#### Available data ####
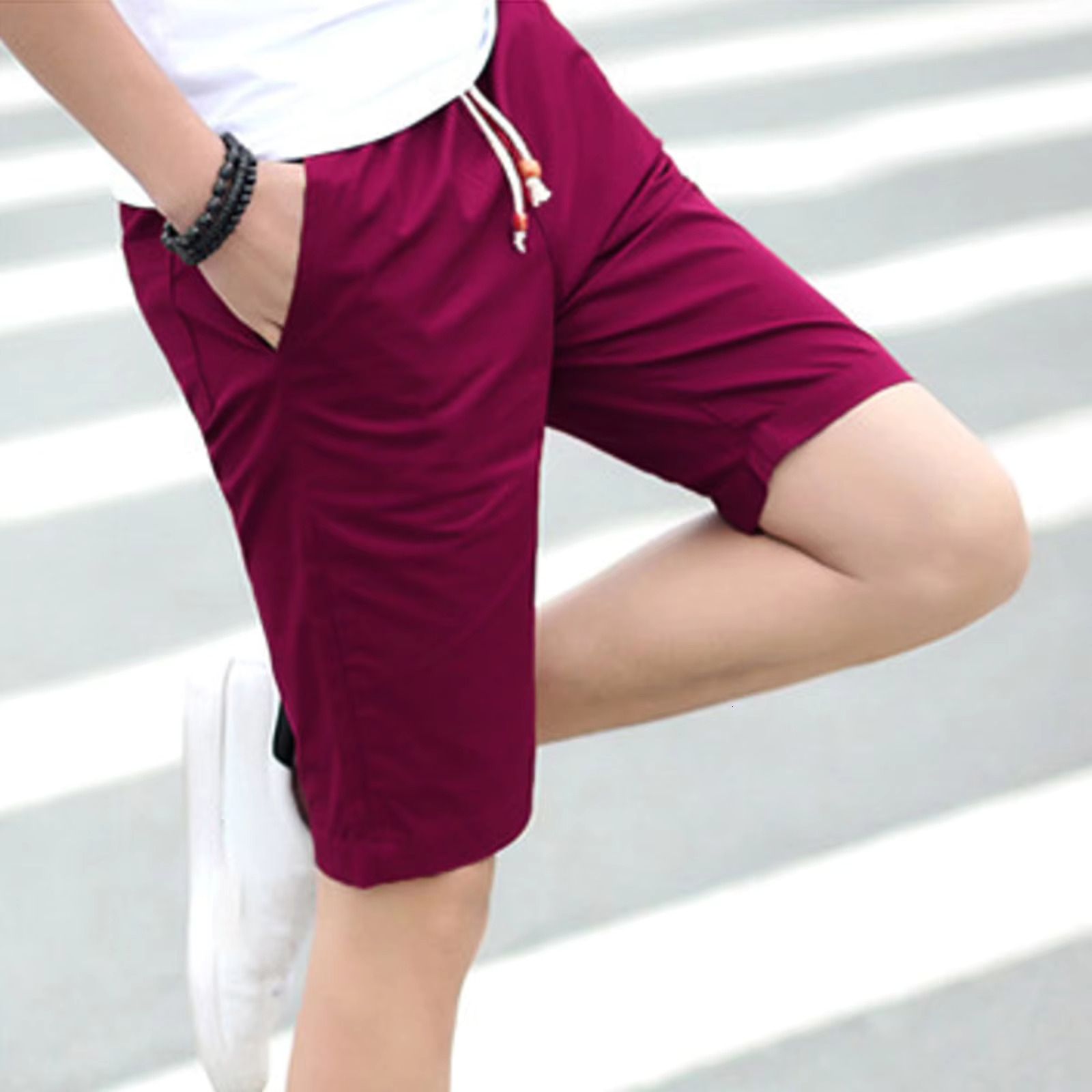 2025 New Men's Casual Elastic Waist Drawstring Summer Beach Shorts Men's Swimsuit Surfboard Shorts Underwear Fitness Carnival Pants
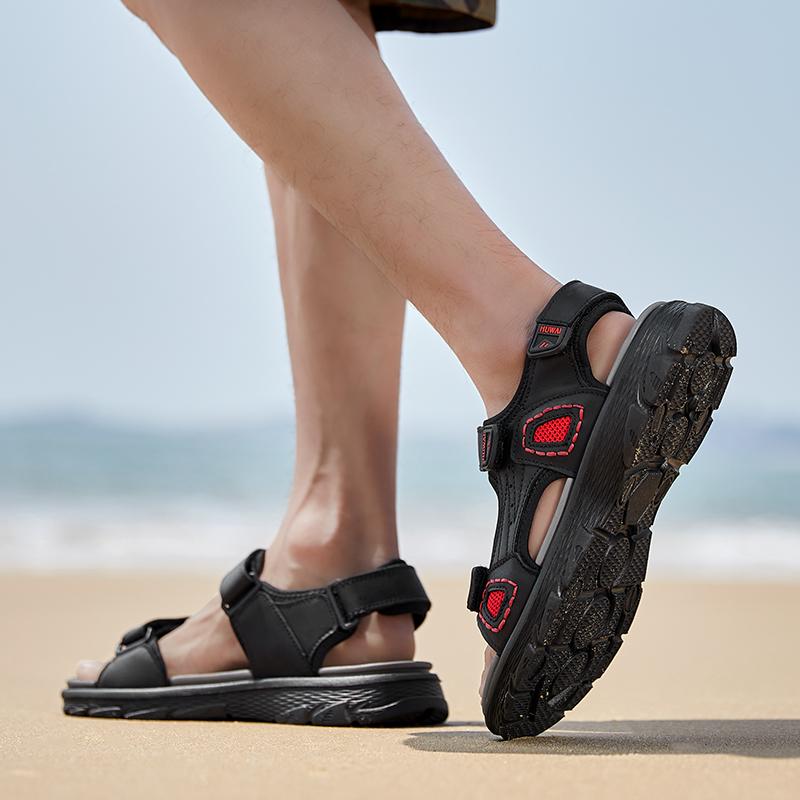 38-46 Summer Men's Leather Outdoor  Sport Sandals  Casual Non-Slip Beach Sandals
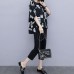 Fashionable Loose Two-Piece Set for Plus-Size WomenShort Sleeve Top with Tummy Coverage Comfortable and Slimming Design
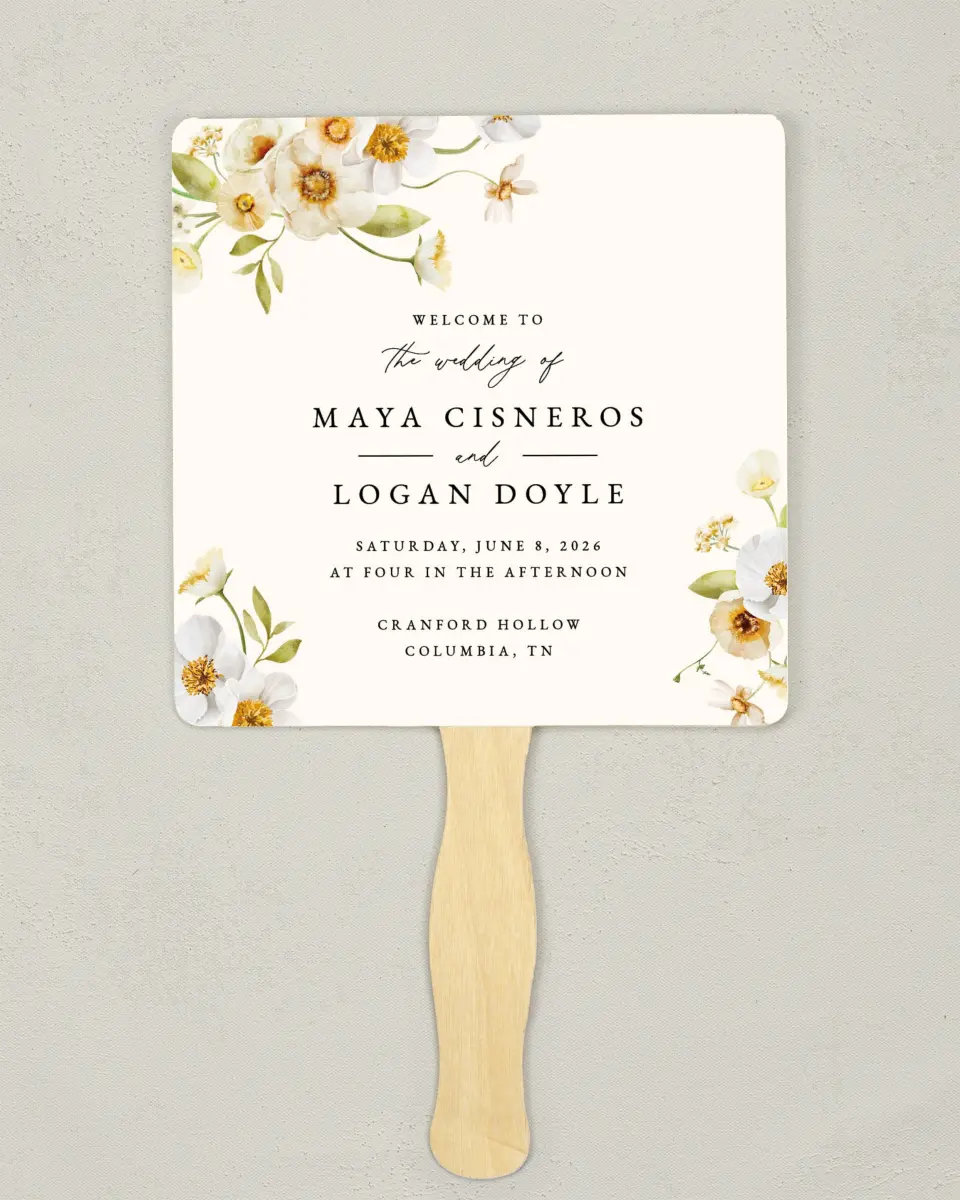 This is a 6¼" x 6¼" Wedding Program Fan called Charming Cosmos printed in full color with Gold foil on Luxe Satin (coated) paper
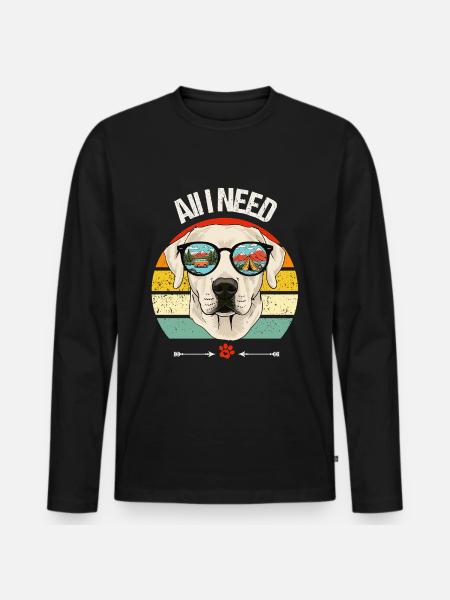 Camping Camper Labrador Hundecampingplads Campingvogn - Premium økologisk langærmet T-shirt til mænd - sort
####
#### Available data ####
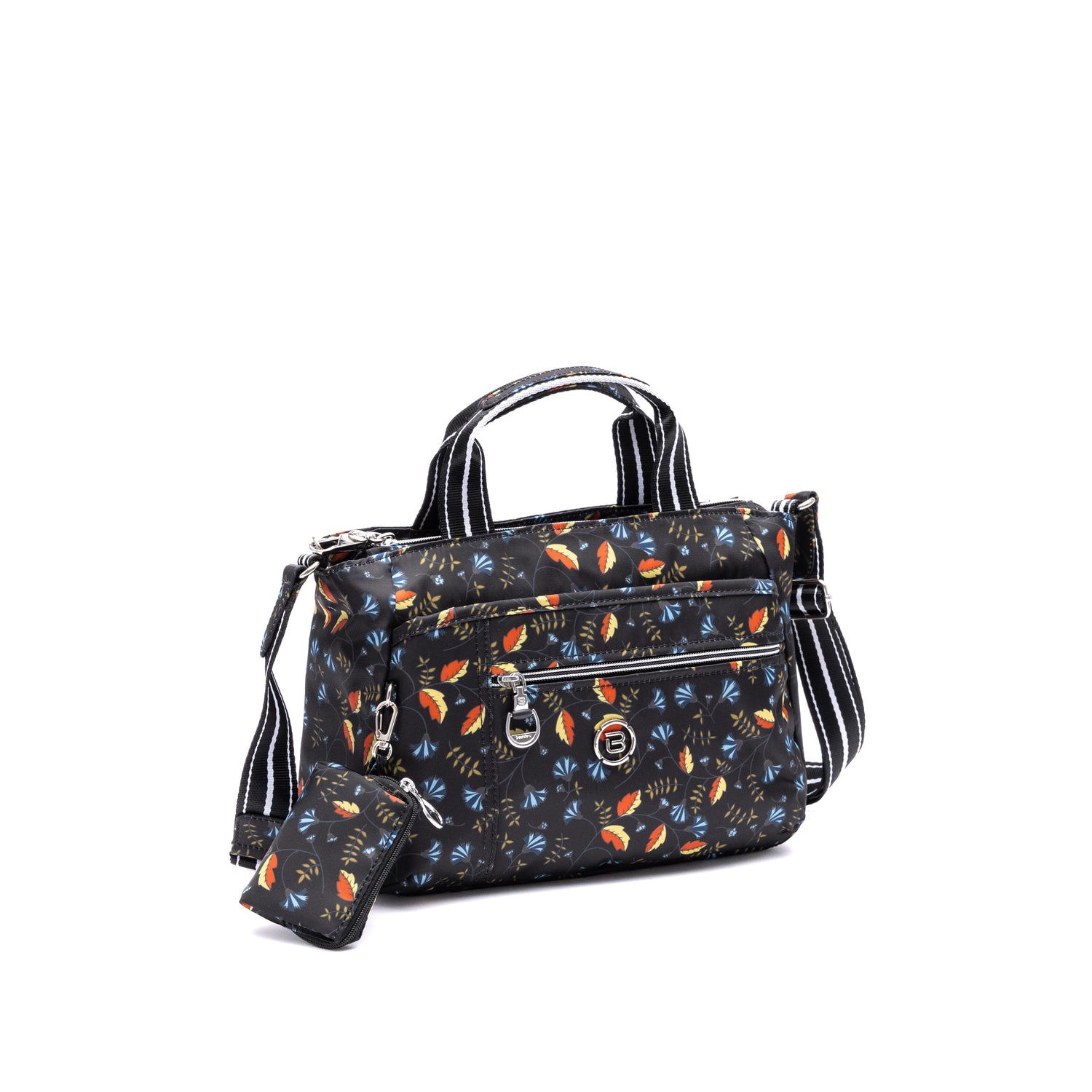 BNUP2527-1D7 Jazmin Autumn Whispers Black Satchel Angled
####
* What you need to do
Look through the material above. Transcribe exactly the lines between the ones with "Satin (coated) paper" and "Camping Camper Labrador", inclusive, and keep pictures out.

* Solution to this problem
 This is a 6¼" x 6¼" Wedding Program Fan called Charming Cosmos printed in full color with Gold foil on Luxe Satin (coated) paper
 Camping Camper Labrador Hundecampingplads Campingvogn - Premium økologisk langærmet T-shirt til mænd - sort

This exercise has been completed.